5: Things that can get in the way of performance
While the network can be a big issue, one of the things that have always troublesome is storage. As mentioned earlier the storage layer in Azure is a separate layer from computing and hence the QoS mechanisms come into play. Secondly, there are other mechanisms that might be it difficult to understand why storage can behave differently sometimes as well. Local disks and temporary disks are always locally on the physical server using SSD capacity (but using replication to mirror storage) but OS and Data disks can also have a caching mechanism that can cache read/write operations. This cache is also wiped each time the VM is rebooted.
In addition, you also have storage tiers now that can provide bursting. With bursting, an instance will startup at a faster rate. For example, the default OS disk for premium-enabled VMs is the P4 disk, which is a provisioned performance of up to 120 IOPS and 25 MB/s. With bursting, the P4 can go up to 3500 IOPS and 170 MB/s allowing for a startup to accelerate by up to 6X. There are two different models here,
- An on-demand bursting model (preview), where the disk bursts whenever its needs exceed its current capacity. This model incurs additional charges anytime the disk bursts. Noncredit bursting is only available on disks greater than 512 GiB in size.
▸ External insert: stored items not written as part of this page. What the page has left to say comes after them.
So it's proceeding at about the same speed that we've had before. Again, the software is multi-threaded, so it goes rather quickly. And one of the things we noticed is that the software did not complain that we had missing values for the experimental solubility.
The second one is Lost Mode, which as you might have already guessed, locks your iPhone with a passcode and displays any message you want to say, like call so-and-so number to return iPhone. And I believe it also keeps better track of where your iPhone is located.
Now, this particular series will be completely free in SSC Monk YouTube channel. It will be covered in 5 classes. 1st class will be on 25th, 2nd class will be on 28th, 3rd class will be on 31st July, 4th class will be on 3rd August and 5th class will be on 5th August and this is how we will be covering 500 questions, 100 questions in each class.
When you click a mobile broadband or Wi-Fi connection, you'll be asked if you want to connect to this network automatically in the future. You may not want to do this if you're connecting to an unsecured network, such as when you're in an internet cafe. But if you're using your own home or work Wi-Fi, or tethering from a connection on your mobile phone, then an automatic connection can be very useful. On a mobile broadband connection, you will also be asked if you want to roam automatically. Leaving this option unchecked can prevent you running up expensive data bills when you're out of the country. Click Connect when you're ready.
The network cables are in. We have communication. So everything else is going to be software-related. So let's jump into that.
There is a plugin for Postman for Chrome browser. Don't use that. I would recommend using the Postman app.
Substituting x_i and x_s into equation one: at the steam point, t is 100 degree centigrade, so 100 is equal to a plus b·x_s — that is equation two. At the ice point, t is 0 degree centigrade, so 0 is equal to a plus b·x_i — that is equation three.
- A credit-based model, where the disk will burst only if it has burst credits accumulated in its credit bucket. This model does not incur additional charges when the disk bursts. Credit-based bursting is only available on disks 512 GiB and smaller.
If you are using shared storage services such as Azure Files it also means that you need to understand the performance is linked to the size of the share.
So, if you have applications or other services that are dependent on a shared folder, and you haven’t properly sized the share you will get crappy performance.
Another issue that can also impact the performance of services in Azure. That is if services are degraded. This can be that Microsoft has rolled out a new configuration change that impacts services. While issues will happen from time to time, the focus on the services in a degraded state is always on availability and can affect performance.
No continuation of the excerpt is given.